Records supplied -
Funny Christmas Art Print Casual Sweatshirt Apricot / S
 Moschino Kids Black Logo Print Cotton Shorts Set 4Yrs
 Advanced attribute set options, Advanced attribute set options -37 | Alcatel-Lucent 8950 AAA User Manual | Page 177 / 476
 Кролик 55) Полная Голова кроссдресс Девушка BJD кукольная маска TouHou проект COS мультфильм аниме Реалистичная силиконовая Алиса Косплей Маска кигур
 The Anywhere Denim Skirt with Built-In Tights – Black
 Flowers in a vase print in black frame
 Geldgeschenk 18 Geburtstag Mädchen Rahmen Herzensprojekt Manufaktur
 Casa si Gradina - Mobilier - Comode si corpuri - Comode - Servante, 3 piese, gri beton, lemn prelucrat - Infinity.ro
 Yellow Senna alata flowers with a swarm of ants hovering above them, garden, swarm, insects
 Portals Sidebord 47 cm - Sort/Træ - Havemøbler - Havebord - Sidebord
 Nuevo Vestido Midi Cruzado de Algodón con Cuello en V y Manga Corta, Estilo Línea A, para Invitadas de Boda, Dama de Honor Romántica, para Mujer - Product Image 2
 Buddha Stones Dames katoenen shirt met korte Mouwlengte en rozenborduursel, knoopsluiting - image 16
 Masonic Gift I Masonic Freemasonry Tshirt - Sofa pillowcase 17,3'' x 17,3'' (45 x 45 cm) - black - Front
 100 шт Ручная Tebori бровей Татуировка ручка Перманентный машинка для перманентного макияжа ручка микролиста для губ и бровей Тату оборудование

How to complete this task - Print the material once more, exactly as it appears.

Answer space -
Funny Christmas Art Print Casual Sweatshirt Apricot / S
 Moschino Kids Black Logo Print Cotton Shorts Set 4Yrs
 Advanced attribute set options, Advanced attribute set options -37 | Alcatel-Lucent 8950 AAA User Manual | Page 177 / 476
 Кролик 55) Полная Голова кроссдресс Девушка BJD кукольная маска TouHou проект COS мультфильм аниме Реалистичная силиконовая Алиса Косплей Маска кигур
 The Anywhere Denim Skirt with Built-In Tights – Black
 Flowers in a vase print in black frame
 Geldgeschenk 18 Geburtstag Mädchen Rahmen Herzensprojekt Manufaktur
 Casa si Gradina - Mobilier - Comode si corpuri - Comode - Servante, 3 piese, gri beton, lemn prelucrat - Infinity.ro
 Yellow Senna alata flowers with a swarm of ants hovering above them, garden, swarm, insects
 Portals Sidebord 47 cm - Sort/Træ - Havemøbler - Havebord - Sidebord
 Nuevo Vestido Midi Cruzado de Algodón con Cuello en V y Manga Corta, Estilo Línea A, para Invitadas de Boda, Dama de Honor Romántica, para Mujer - Product Image 2
 Buddha Stones Dames katoenen shirt met korte Mouwlengte en rozenborduursel, knoopsluiting - image 16
 Masonic Gift I Masonic Freemasonry Tshirt - Sofa pillowcase 17,3'' x 17,3'' (45 x 45 cm) - black - Front
 100 шт Ручная Tebori бровей Татуировка ручка Перманентный машинка для перманентного макияжа ручка микролиста для губ и бровей Тату оборудование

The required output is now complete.